ねえ、ほんとうにいるの
いるよ サンタクロースはね こどもを よろこばせるのが なによりの たのしみなのさ だって こどもが しあわせなときは みんなが しあわせなときだもの サンタクロースは ほんとにいるよ せかいじゅう いつまでもね
子どもたちのサンタクロース問題「サンタクロースはいるのか、いないのか?」に、文字通り真正面から挑んだのが「サンタクロースって、ほんとにいるの?」(てるおかいつこ:文、すぎうらはんも:絵、福音館)です。子どもたちの、「この問題」に、文、てるおかいつこ・絵、すぎうらはんものこの本は、子どもたちにも、問題にも、それはそれは見事に「寄り添う」ことで解いてみせます。
サンタクロース問題を子どもたちに解いてみせた「サンタクロースって、ほんとにいるの?」が生まれた経緯を「サンタクロースを探し求めて」(暉峻淑子、岩波書店)で、著者自身が書いています。「サンタクロースを探し求めて」は、著者の生い立ちから始まり、幼い2人の子どもたちの絵本の時代をいっぱい一緒に過ごしたことが紹介され、「サンタクロースって、ほんとにいるの?」の、子どもたちとお父さんお母さんの、それはそれは見事な言葉のやりとりが、どんなふうにして生まれたのか、ページを追って解き明かされます。

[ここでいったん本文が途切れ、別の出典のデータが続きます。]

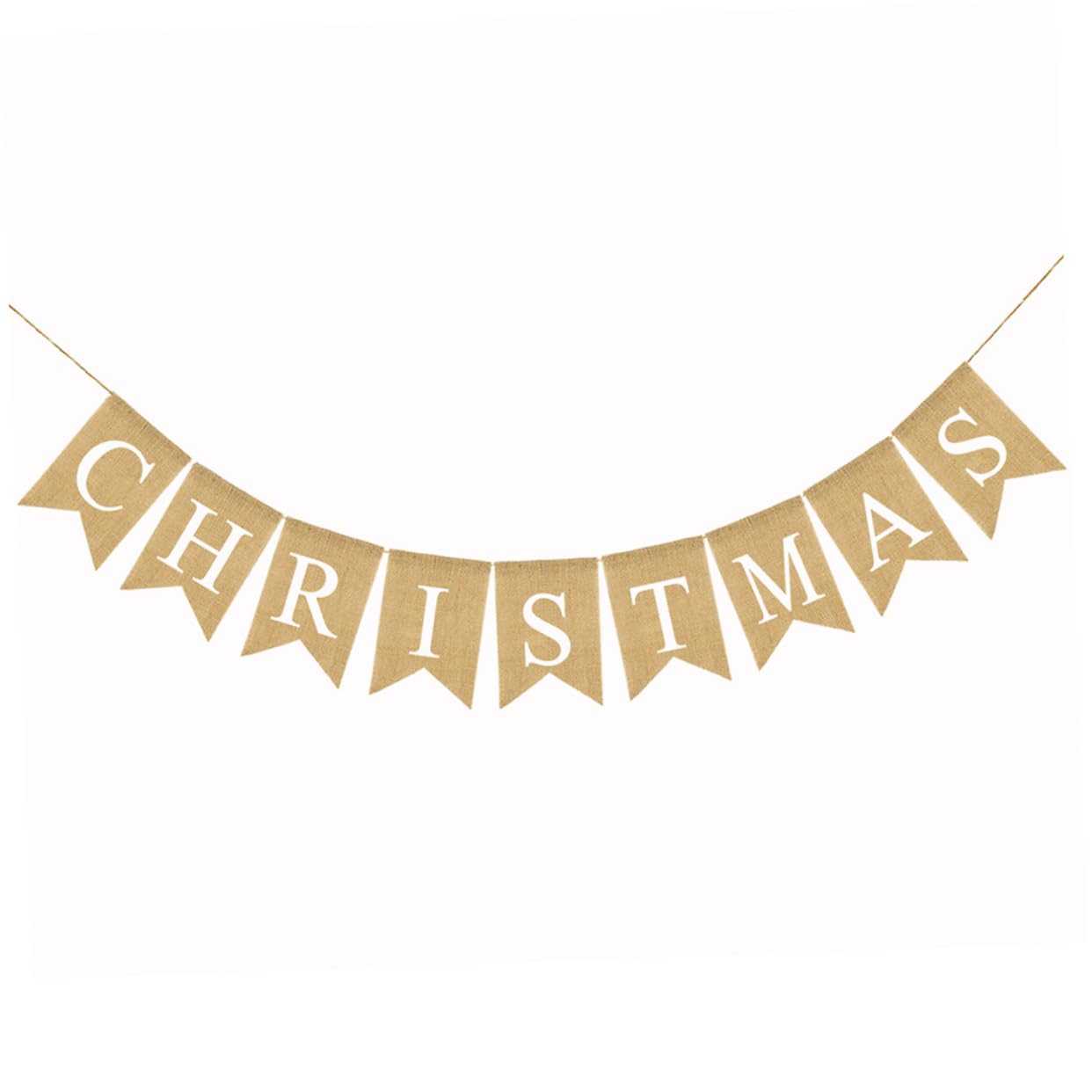 Striscione Con Lettere Di Buon Natale in Lino Con Tirante Natalizio Per Decorazioni Da Parete Finestre E Alberi
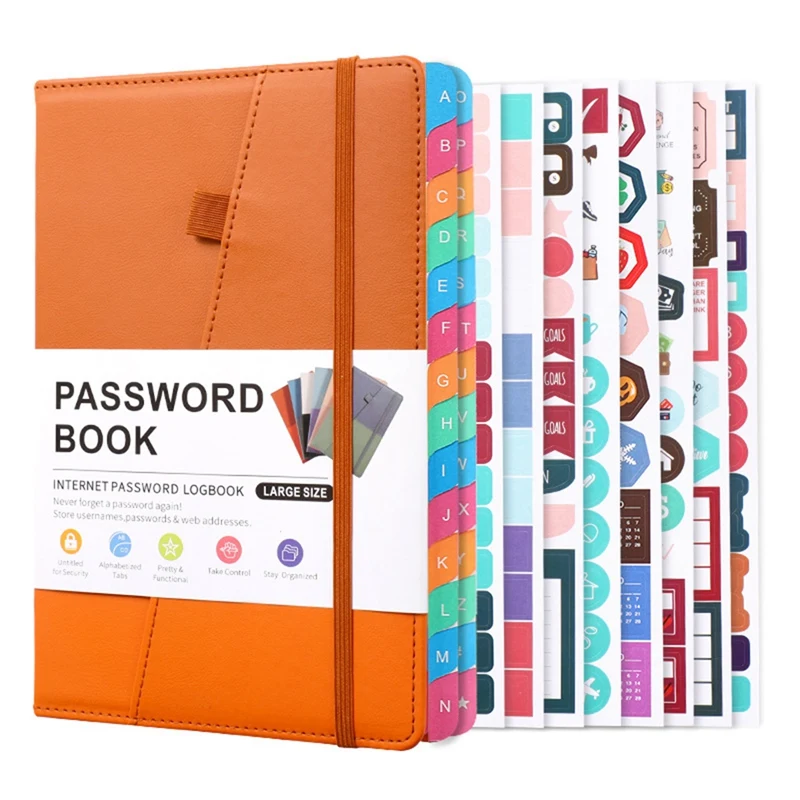 

Password Keeper Book With Alphabetical Tabs For Seniors, Password Notebook For Internet Website Address Log In Detail,A Durable
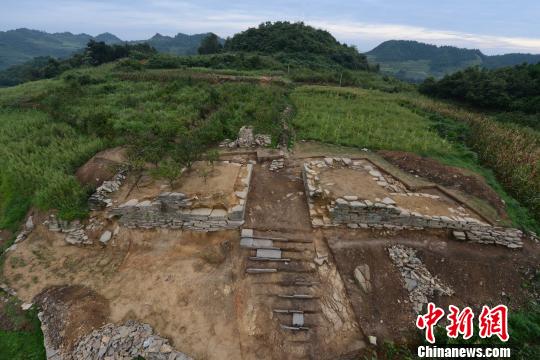 贵州遵义汇川区“养马城衙门”遗址全景 贵州省考古所 摄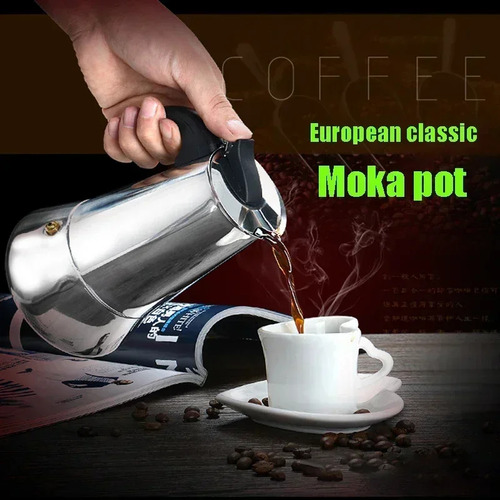 Cafetera Moka Pot, Tazas De Espresso Y Café Con Leche, Estuf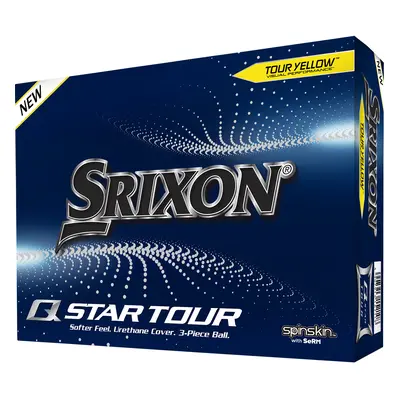 SRIXON Q-STAR TOUR GOLF BALLS - YELLOW - 1 Dozen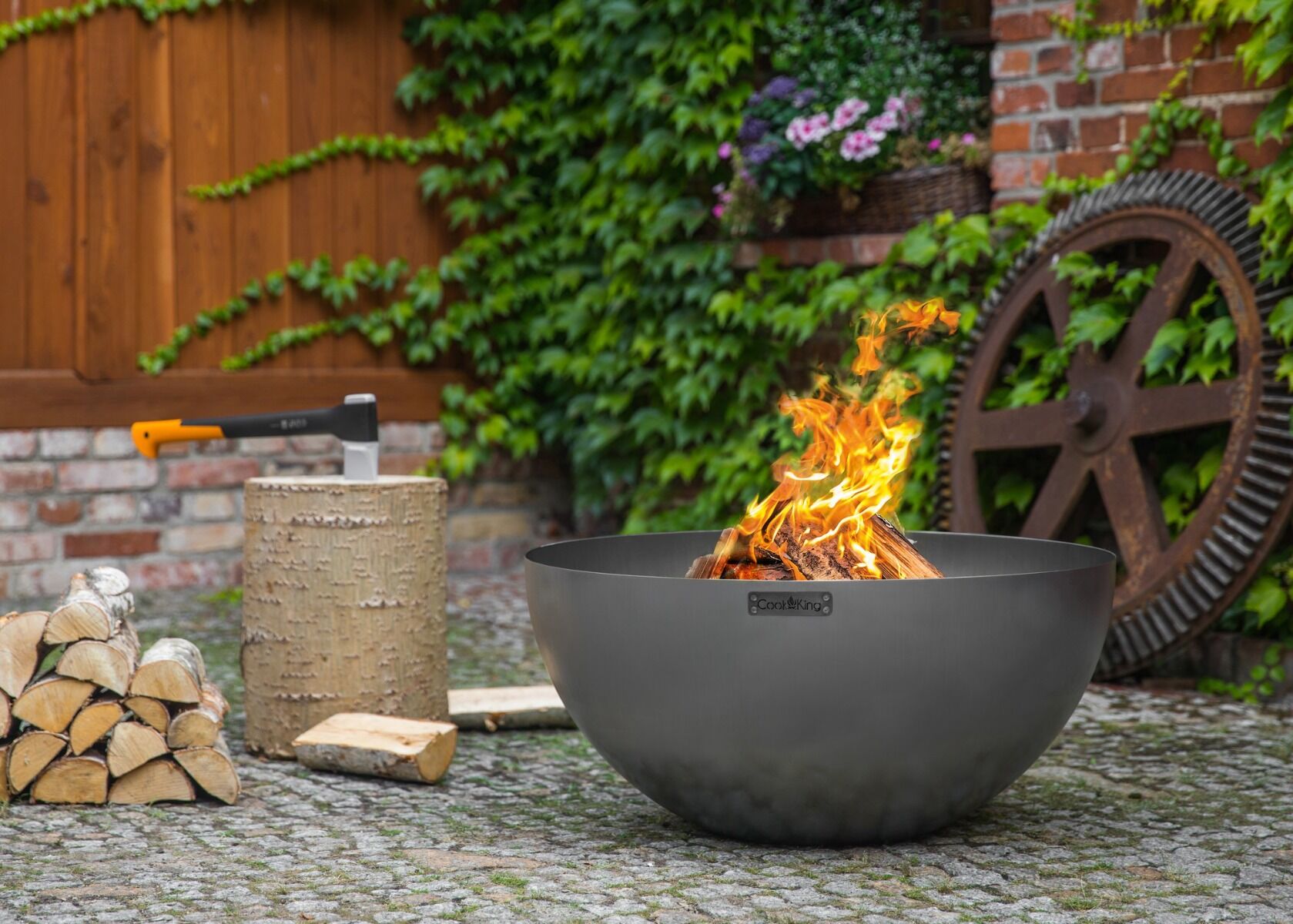 CookKing Premium Firebowl Ø 85 cm-Dallas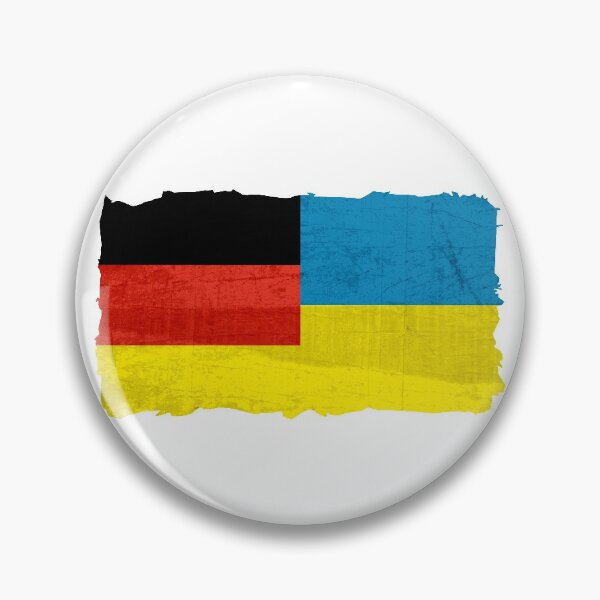 Item preview, German Ukrainian Joined Flags Ukraine and German Flag Mix designed and sold by alenaz.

そして、「クリスマスの起源」とサンタクロース伝説の人、「聖ニコラウス」誕生の地を訪ねる旅と資料で、伝説の人にも迫ります。子どもたちにとってはサンタクロースからの贈りもの、大人の世界で多様な贈りもののありようを、中でも日本社会で起こる「贈収賄」などについて、専門の経済学者として歴史的に考察します。
暉峻淑子さんが「サンタクロースって、ほんとにいるの?」を書く一方で、別に「サンタクロースを探し求めて」も書くことになったのは、サンタクロースをただ真偽のこととしては書けない人だからです。「サンタクロースってほんとにいるの?」という子どもたちにとって切実な問題を、その切実さを裏切らないで答えるためには、自分の子ども時代、幼い子どもたちと一緒に生きた時の様々な出来事、そして、サンタクロース問題のもう一つの核心である「贈与」(贈収賄!)、そして他者と関係する社会のことも書かざるをえませんでした。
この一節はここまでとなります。